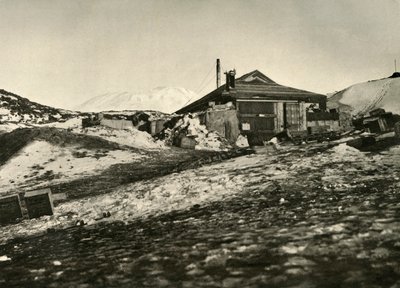 Eine andere Ansicht der Hütte im Sommer, um 1908, 1909 von Unbekannt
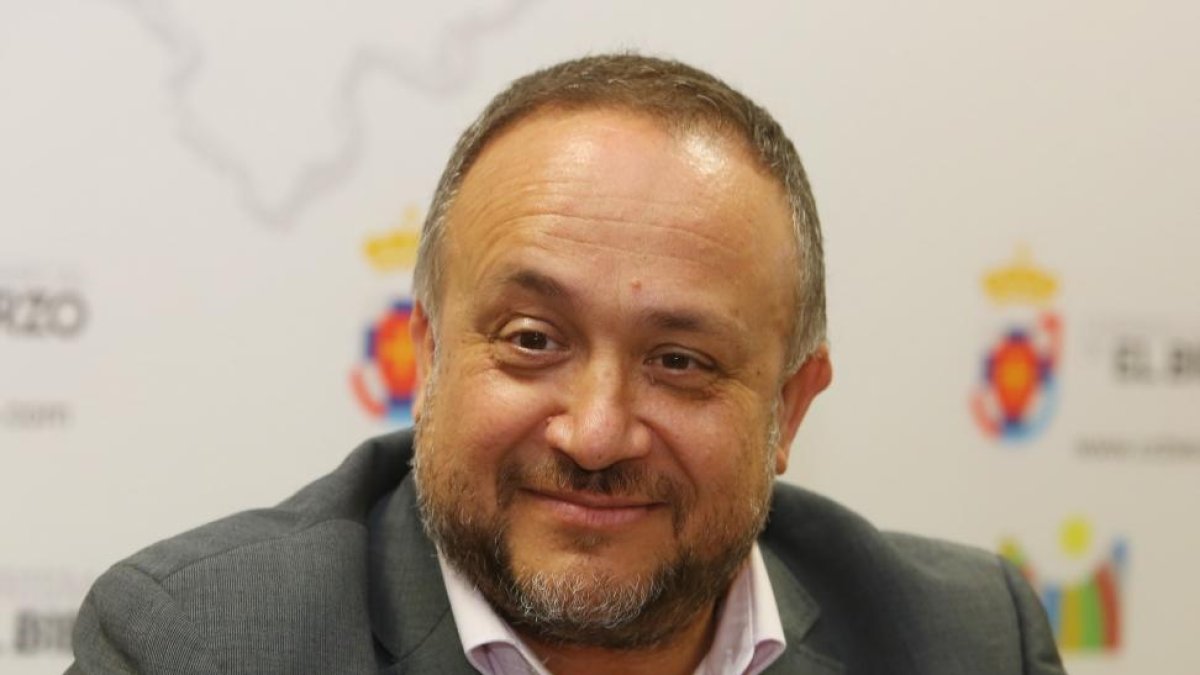El presidente del Consejo Comarcal del Bierzo, Gerardo Álvarez Courel, durante la presentación del nuevo portal web de la institución.-ICAL
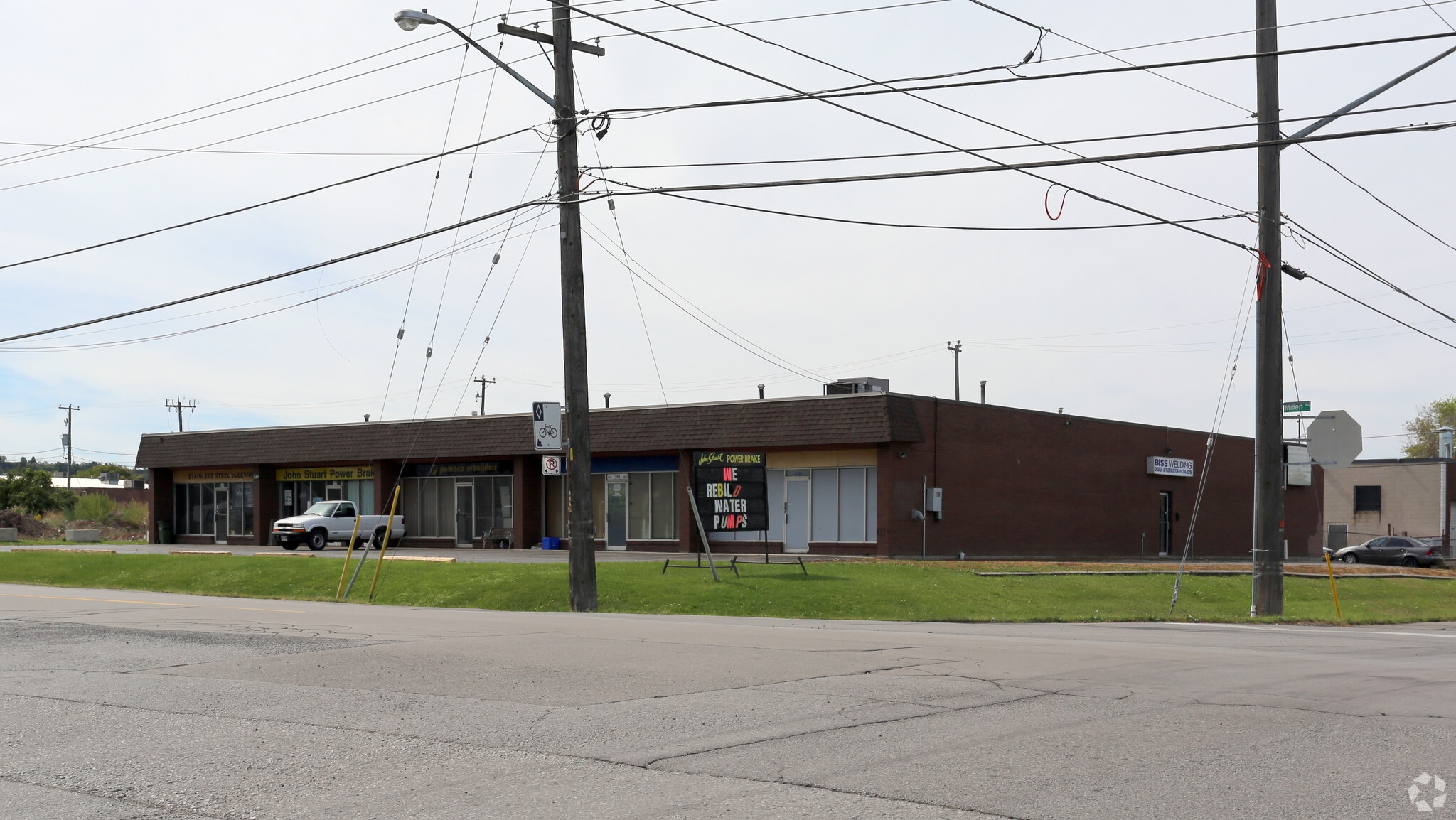 353 Millen Rd, Hamilton, ON for sale Primary Photo- Image 1 of 4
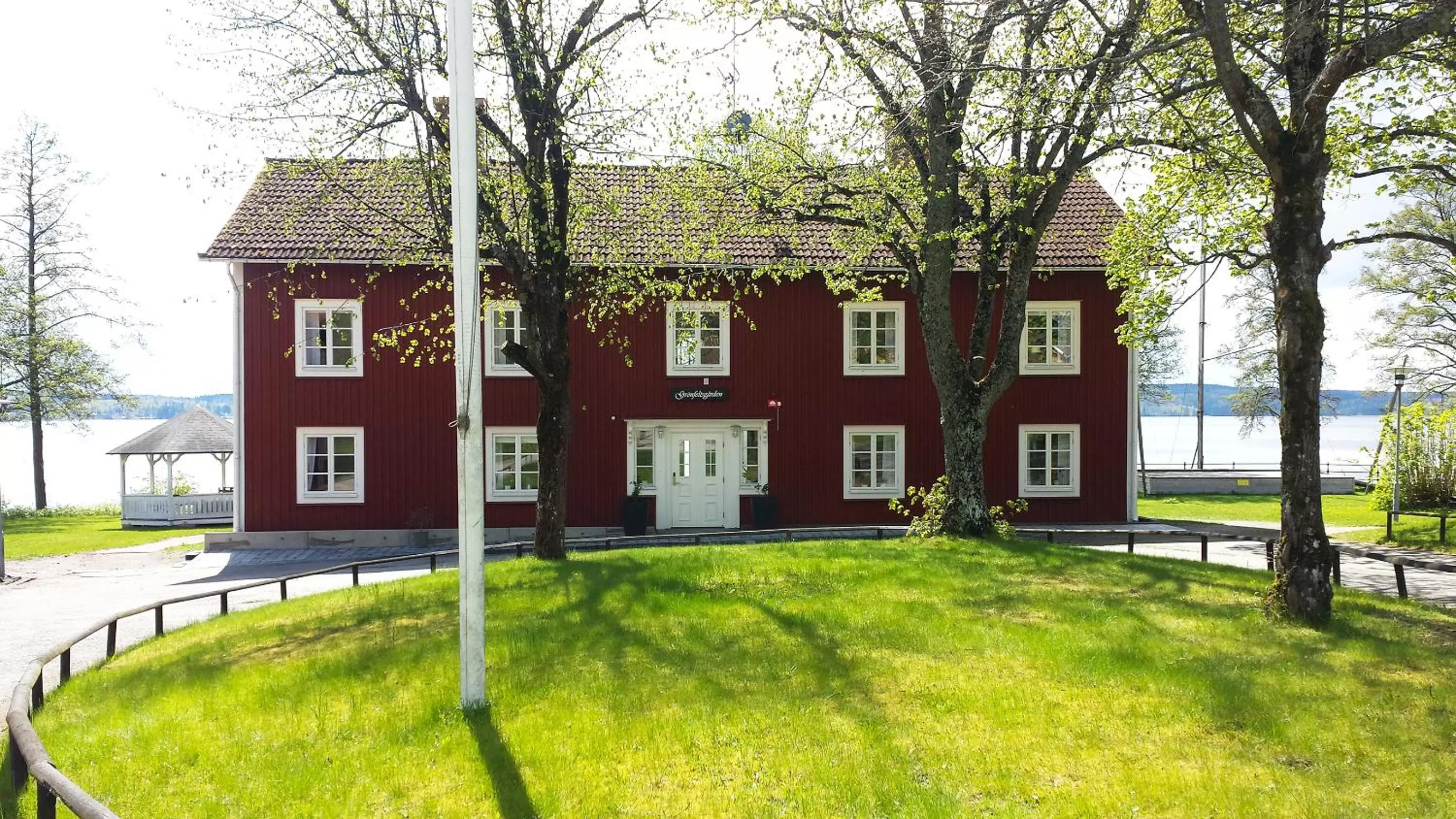 Day, Property Building in Hotell Grönfeltsgården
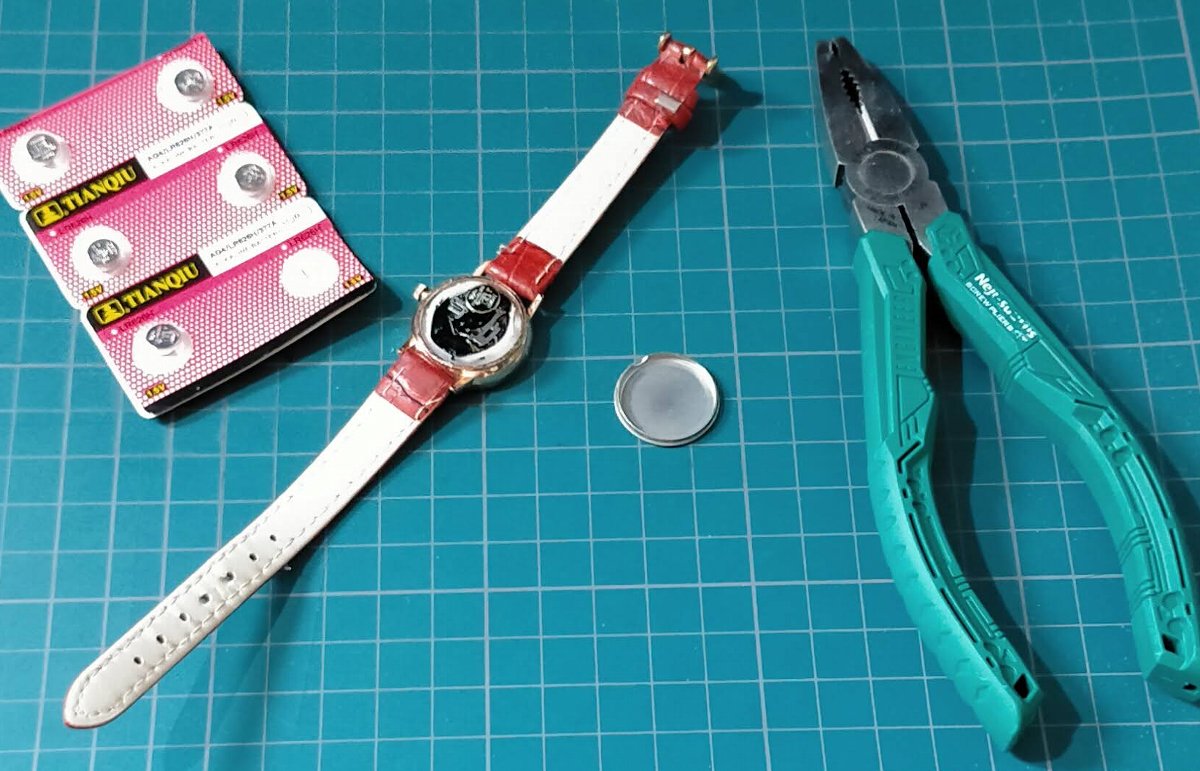 【電池交換/動作確認済】NOJESS ノジェス　腕時計 電池交換/動作確認済】NOJESS ノジェス 腕時計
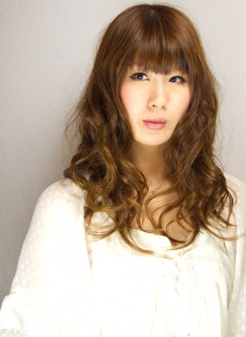 【西大路】■マツエク・ネイル・着付けも学べる■お客様第一!!を掲げ京都に展開！その中でスタッフさんの幸せも考え、働きやすい環境を整えています。Rail Intact（レールインタクト）からアシスタント(美容師)の求人☆★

□ □ □ □ □

• [EXERCISE DETAILS]: Repeat all entries exactly. Skip the pictures.

• [ANSWER BOX]:
 Eine andere Ansicht der Hütte im Sommer, um 1908, 1909 von Unbekannt
El presidente del Consejo Comarcal del Bierzo, Gerardo Álvarez Courel, durante la presentación del nuevo portal web de la institución.-ICAL
 353 Millen Rd, Hamilton, ON for sale Primary Photo- Image 1 of 4
 Day, Property Building in Hotell Grönfeltsgården
 【電池交換/動作確認済】NOJESS ノジェス　腕時計 電池交換/動作確認済】NOJESS ノジェス 腕時計
 【西大路】■マツエク・ネイル・着付けも学べる■お客様第一!!を掲げ京都に展開！その中でスタッフさんの幸せも考え、働きやすい環境を整えています。Rail Intact（レールインタクト）からアシスタント(美容師)の求人☆★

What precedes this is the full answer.